# 20Q!!!



## WrittenFromUtopia (Feb 15, 2006)

This site is awesome... It is an AI system designed to guess pretty much whatever you are thinking of in around 20 questions or less. It works almost every time, as long as you play by the rules. I highly recommend buying one of the small handheld 20Q's for endless fun, or even the larger desktop version.


----------



## ChristopherPaul (Feb 15, 2006)

Neat!

Someone else try Eraser. I did eraser and it was totally stumped. I am curious if perhaps I did not answer the questions correctly (I was not trying to stump it, I answered all the questions as honestly as I could).


----------



## bradofshaw (Feb 15, 2006)

Couldn't guess cracker. Doesn't work with abstract answers. I should have said it was sometimes square, but I was thinking of a round cracker. Oh well, I still win.
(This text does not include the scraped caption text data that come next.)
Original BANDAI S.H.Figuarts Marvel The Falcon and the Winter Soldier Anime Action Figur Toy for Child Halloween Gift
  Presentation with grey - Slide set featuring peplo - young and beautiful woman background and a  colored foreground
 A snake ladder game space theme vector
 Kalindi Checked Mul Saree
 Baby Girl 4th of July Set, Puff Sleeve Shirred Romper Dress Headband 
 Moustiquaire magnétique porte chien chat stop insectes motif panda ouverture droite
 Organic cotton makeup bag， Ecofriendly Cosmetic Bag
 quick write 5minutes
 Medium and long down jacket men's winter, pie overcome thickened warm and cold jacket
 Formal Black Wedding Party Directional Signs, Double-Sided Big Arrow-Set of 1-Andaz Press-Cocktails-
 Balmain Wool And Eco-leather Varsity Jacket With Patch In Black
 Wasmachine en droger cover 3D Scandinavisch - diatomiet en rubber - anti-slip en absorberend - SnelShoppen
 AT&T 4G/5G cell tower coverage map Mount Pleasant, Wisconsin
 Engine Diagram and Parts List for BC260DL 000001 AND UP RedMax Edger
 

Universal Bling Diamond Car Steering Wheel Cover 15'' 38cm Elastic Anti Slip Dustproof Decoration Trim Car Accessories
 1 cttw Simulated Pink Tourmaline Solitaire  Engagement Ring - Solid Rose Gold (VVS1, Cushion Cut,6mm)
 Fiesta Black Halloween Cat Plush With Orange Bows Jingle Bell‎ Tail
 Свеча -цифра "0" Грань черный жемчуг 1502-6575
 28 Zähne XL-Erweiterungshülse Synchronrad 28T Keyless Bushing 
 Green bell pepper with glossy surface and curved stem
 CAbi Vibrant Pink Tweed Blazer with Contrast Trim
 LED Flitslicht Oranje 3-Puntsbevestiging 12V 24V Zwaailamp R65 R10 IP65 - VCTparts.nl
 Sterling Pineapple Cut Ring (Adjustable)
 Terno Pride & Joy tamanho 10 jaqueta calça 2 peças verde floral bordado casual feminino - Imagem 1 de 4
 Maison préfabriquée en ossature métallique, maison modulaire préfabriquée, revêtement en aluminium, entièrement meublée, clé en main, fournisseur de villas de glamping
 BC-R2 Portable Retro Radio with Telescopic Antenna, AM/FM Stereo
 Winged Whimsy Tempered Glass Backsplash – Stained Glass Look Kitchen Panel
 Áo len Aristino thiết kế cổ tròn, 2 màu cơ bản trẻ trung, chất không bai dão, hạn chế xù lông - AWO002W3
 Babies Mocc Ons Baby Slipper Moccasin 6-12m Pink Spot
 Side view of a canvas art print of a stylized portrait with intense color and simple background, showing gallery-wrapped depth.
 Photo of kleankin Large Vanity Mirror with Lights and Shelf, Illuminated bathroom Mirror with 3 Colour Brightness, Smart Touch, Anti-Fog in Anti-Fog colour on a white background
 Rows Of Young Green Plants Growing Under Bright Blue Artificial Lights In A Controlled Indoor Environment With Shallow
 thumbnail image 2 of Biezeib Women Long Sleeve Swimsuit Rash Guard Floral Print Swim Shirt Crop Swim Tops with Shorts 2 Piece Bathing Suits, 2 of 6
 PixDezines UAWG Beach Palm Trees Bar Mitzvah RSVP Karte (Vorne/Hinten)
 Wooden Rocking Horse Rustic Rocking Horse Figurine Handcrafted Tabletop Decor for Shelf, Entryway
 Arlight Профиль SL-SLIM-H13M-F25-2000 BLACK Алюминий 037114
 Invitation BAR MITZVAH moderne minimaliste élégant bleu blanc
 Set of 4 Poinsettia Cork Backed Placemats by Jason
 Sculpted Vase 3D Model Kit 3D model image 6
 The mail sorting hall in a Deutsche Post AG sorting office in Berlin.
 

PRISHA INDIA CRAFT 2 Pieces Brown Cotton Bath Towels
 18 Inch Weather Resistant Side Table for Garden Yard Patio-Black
You were thinking of a cracker.
Do you use it at night? You said Sometimes, I say No.
Is it a renewable resource? You said Yes, I say No.
Is it square shaped? You said No, I say Yes.
Does it get shorter from using it? You said Depends, I say Probably.
Is it comforting? You said Sometimes, I say No.
Does it involve contact with other humans? You said Yes, I say No.
Does it have a good smell? You said Depends, I say Yes.
Is it a specific color? You said Depends, I say Yes.


How is a cracker not a renewable resource? I suppose its not a resource.


One time when my freinds and I were playing this in the car, I guessed my freind's object which was the law code of hammurabi. He was so upset. One of mine that stumped them was Philip Melancthon


----------



## bradofshaw (Feb 15, 2006)

You were thinking of a sin.
Is it a primate? You said No, I say Yes.
Do you find it in the sky? You said Yes, I say No.
Does it grow over time? You said Depends, I say Yes.
Contradictions Detected
The opinions of the AI are its own and are based on the input of people playing. It does not matter if our answers disagree, as over time my answers will change to reflect common knowledge. If you feel that I am in error, the only way to fix it is to play again.


----------



## WrittenFromUtopia (Feb 15, 2006)

It guessed "vodka" for us one time, it specifically said "vodka", not just liquor or whatever. It also guessed "dragon" for us and "leprechaun."


----------



## Authorised (Feb 15, 2006)

I tried tobacco and it guessed it correctly.


I was amazed.


And I should be doing homework right now...


----------



## Authorised (Feb 15, 2006)

Q23. Does your mom know you like that? I am not allowed to talk about stuff like this, but, I am guessing that it has something to do with poop?



 

[Edited on 2-15-2006 by Authorised]


----------



## C. Matthew McMahon (Feb 15, 2006)

I tired "angel" and it got it on 19.


----------



## C. Matthew McMahon (Feb 15, 2006)

Rubik's Cube baby! 27 questions - I win.


----------



## Mike (Feb 15, 2006)

I played with this thing a few years back and I think it was better then.


----------



## cupotea (Feb 15, 2006)

It even picked "sewing needle"! And it didn't just say "needle", but specified "sewing." Weird


----------



## Civbert (Feb 15, 2006)

I was thinking about the MS Access database program and it took 30 questions, but the prior guess was "is it a daughter?" What's the connection? And the implications of that???


----------



## Pergamum (Feb 15, 2006)

cassowary bird...Iwon!!!!


----------



## smhbbag (Feb 15, 2006)

I love this thing


----------



## turmeric (Feb 15, 2006)

lapis lazuli


----------



## ChristopherPaul (Feb 17, 2006)

> _Originally posted by C. Matthew McMahon_
> Rubik's Cube baby! 27 questions - I win.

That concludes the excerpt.